Modifica

Agent Evaluations CLI overview (preview)

The Microsoft 365 Copilot Agent Evaluations CLI (@microsoft/m365-copilot-eval) helps you test, measure, and improve the quality of your agents with structured evaluations and rich result reports with AI-based scoring.

Note

The Agent Evaluations CLI is currently in preview.

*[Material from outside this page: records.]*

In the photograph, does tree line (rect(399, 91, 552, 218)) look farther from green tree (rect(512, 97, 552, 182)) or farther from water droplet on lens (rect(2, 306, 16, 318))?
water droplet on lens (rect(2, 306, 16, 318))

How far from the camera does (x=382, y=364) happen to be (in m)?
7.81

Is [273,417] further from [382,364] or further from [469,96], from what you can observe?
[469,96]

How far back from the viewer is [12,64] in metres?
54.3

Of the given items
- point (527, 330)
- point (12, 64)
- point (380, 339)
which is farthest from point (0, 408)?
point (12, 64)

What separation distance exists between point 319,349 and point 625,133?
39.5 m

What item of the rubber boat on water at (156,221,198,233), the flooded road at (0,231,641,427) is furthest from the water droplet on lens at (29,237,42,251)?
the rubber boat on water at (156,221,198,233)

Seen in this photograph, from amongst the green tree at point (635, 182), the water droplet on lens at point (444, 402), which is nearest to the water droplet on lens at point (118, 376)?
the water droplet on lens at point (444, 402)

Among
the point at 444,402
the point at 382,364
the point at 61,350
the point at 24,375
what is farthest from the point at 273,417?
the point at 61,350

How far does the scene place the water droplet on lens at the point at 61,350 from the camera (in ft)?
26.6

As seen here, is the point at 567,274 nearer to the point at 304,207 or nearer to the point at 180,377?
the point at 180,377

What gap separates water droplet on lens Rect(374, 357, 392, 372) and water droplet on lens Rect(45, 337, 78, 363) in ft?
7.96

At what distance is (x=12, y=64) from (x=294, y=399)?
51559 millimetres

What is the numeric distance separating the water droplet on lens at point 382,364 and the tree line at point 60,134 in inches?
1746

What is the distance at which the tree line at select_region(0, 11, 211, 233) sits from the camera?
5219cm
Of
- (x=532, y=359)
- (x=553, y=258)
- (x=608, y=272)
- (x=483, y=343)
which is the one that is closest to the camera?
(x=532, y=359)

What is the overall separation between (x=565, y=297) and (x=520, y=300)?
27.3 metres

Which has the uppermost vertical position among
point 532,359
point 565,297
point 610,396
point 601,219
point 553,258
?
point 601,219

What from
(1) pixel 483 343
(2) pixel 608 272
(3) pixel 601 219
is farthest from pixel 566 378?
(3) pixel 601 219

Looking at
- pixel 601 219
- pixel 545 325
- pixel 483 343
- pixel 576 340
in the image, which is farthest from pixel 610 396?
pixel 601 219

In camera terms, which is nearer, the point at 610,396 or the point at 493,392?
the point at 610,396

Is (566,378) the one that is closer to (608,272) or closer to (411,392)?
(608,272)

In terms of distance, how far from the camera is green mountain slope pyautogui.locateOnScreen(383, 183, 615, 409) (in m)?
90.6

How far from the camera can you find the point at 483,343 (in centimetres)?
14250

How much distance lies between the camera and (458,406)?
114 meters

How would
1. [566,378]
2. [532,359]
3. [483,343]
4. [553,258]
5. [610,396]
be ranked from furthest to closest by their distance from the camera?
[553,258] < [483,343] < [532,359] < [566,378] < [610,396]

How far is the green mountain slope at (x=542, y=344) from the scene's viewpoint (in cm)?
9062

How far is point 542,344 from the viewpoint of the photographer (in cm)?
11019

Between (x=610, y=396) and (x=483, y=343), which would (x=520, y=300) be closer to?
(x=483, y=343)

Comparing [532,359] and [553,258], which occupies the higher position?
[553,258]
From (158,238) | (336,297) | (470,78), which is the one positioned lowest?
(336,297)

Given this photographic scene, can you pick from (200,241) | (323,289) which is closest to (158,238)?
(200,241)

Features and functionality are subject to change.

What you can do

The evaluation tool provides the following capabilities:

  • Run batch and interactive evaluations.
  • Automatically score responses using Azure AI + machine learning evaluation metrics.
  • Test using JSON datasets, inline prompts, or interactive input.
  • Generate reports in HTML, JSON, or CSV formats.

Evaluation metrics

Each response is scored using standard evaluation metrics.

Evaluator Type Scale Default Threshold Default
Relevance LLM-based 1-5 3 Yes
Coherence LLM-based 1-5 3 Yes
Groundedness LLM-based 1-5 3 No
Similarity LLM-based 1-5 3 No
Citations Count-based >= 0 1 No
ExactMatch String match boolean N/A No
PartialMatch String match 0.0-1.0 0.5 No

How the evaluation workflow works

Evaluations follow a consistent workflow:

  1. Install and configure the CLI.
  2. Provide environment configuration and credentials.
  3. Create a dataset of test prompts.
  4. Run evaluations against your agent.
  5. Review results and iterate.

Required environment variables

The evaluation tool uses environment variables to authenticate and connect to your tenant and Azure OpenAI in Foundry Models resource.

Variable Description Default
TENANT_ID Microsoft Entra tenant ID where your agent is deployed. None
AZURE_AI_OPENAI_ENDPOINT Azure OpenAI endpoint URL. None
AZURE_AI_API_KEY Azure OpenAI API key. None
M365_TITLE_ID (optional) Title ID used to auto-detect the Microsoft 365 agent ID for evaluation. None
M365_AGENT_ID (optional) Explicit agent ID for evaluation. Auto-detected from M365_TITLE_ID
AZURE_AI_API_VERSION Azure OpenAI REST API version. 2024-12-01-preview
AZURE_AI_MODEL_NAME Model deployment name in your Azure OpenAI in Foundry Models resource. gpt-4o-mini

These values enable authentication and allow the tool to run LLM-based evaluation scoring. For details about how to get these values, see Get values for environment variables.